On this publish, we confirmed tips on how to arrange an AWS Glue crawler to crawl over a MongoDB Atlas assortment, gathering metadata and creating desk information within the AWS Glue Information Catalog. With the Information Catalog desk, we created an ETL course of utilizing the AWS Glue Studio UI to extract information from the MongoDB Atlas assortment to an S3 bucket with out writing a single line of code.

You may do that your self by configuring an AWS Glue crawler, creating an AWS Glue ETL job with AWS Glue Studio, and launching MongoDB Atlas from a QuickStart or from MongoDB Atlas on AWS Market.

Particular because of everybody who contributed to this crawler characteristic launch: Julio Montes de Oca, Mita Gavade, and Alex Prazma.

In regards to the authors

Igor Alekseev is a Senior Associate Resolution Architect at AWS in Information and Analytics area. In his function Igor is working with strategic companions serving to them construct complicated, AWS-optimized architectures. Prior becoming a member of AWS, as a Information/Resolution Architect he applied many tasks in Huge Information area, together with a number of information lakes in Hadoop ecosystem.
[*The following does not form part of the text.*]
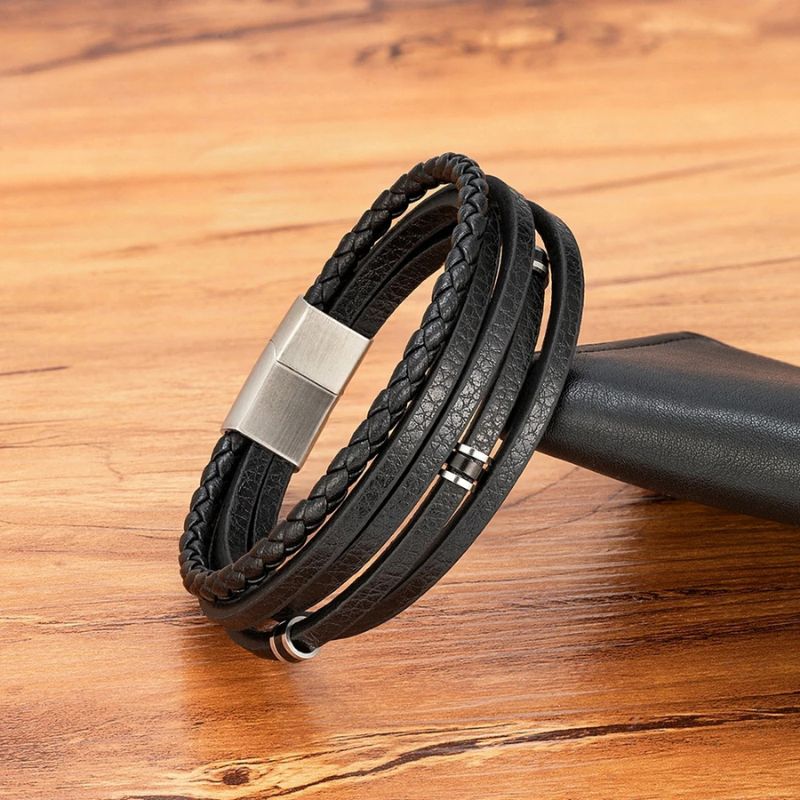 Pulseira Masculina de Couro Valenteo Lucero Preto em Couro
As a Information Engineer he was concerned in making use of AI/ML to fraud detection and workplace automation.

Sandeep Adwankar is a Senior Technical Product Supervisor at AWS. Primarily based within the California Bay Space, he works with clients across the globe to translate enterprise and technical necessities into merchandise that allow clients to enhance how they handle, safe, and entry information.